■ Given records ■
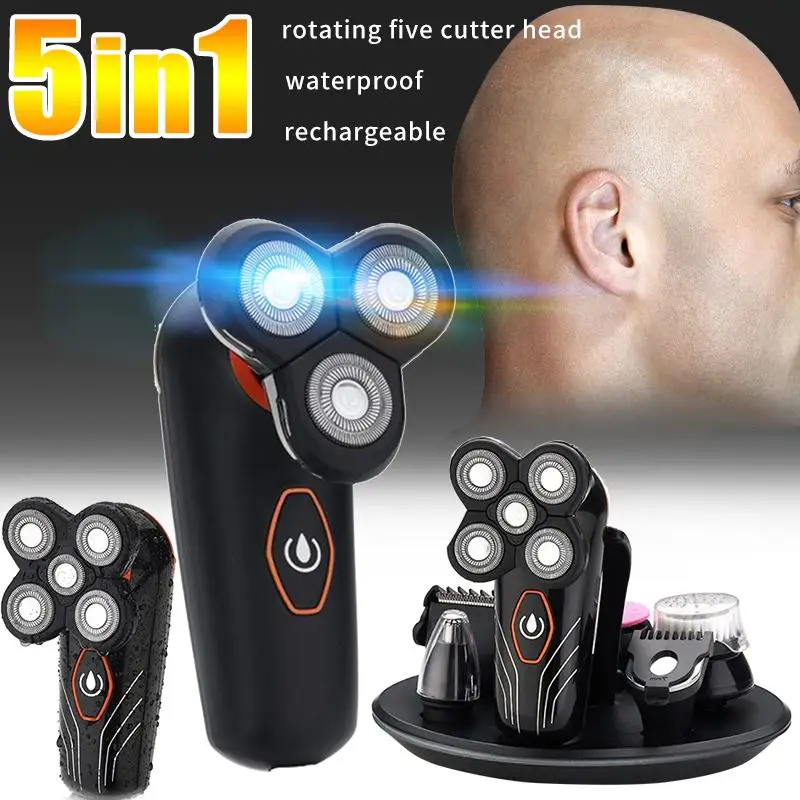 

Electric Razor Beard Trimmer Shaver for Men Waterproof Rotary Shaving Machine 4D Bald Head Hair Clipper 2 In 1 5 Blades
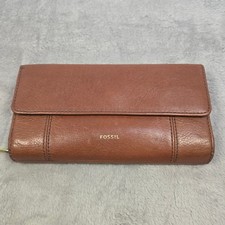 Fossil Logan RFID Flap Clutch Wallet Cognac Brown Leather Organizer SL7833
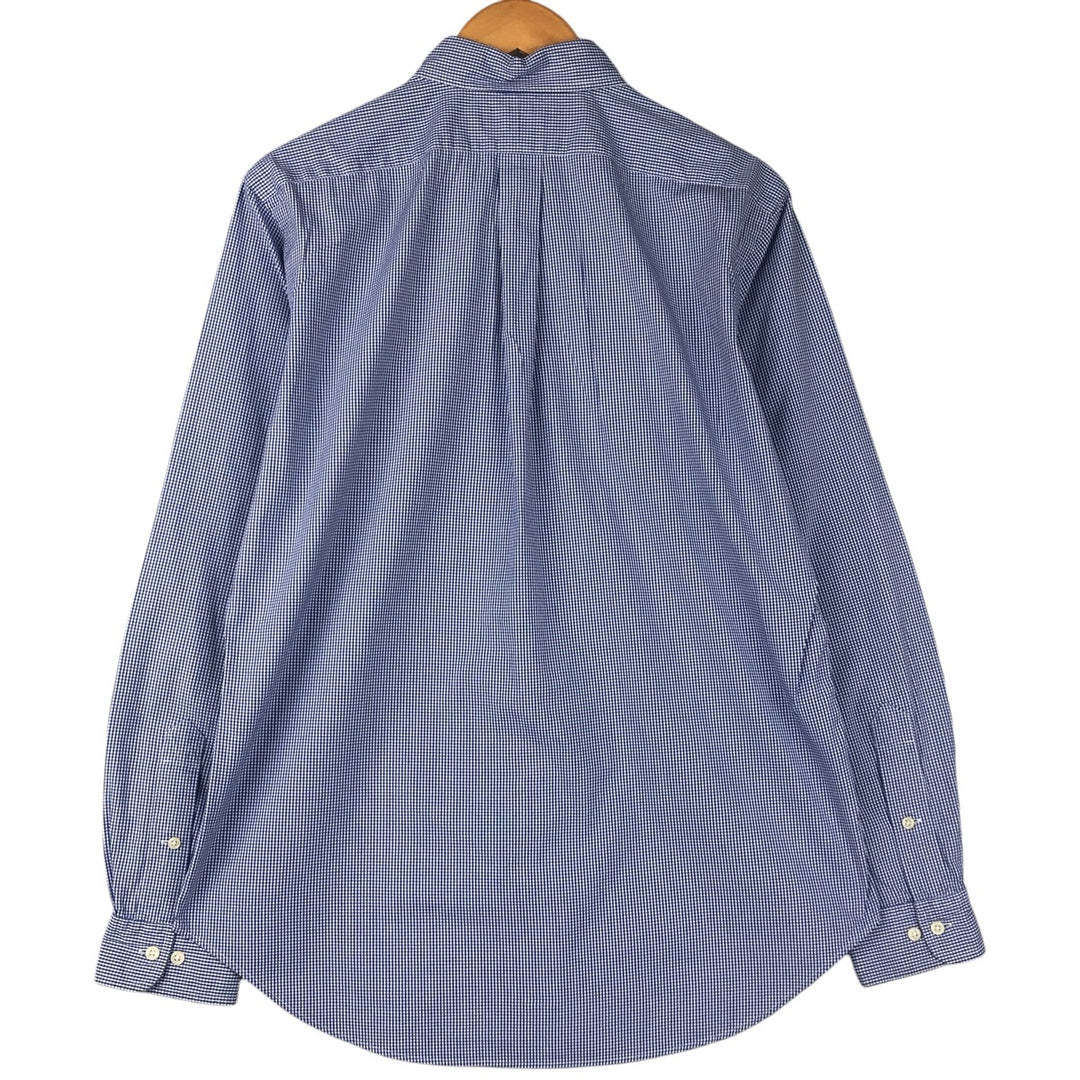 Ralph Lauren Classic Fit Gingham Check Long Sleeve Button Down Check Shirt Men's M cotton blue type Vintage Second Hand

--

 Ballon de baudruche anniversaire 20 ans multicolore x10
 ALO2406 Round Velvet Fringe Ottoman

■ Work to be completed ■
In the entries above, the lines from the one bearing "Ballon de baudruche" up to and including the one bearing "ALO2406 Round Velvet Fringe Ottoman" should be transcribed exactly; no other line is wanted.

■ Result of this exercise ■
 Ballon de baudruche anniversaire 20 ans multicolore x10
 ALO2406 Round Velvet Fringe Ottoman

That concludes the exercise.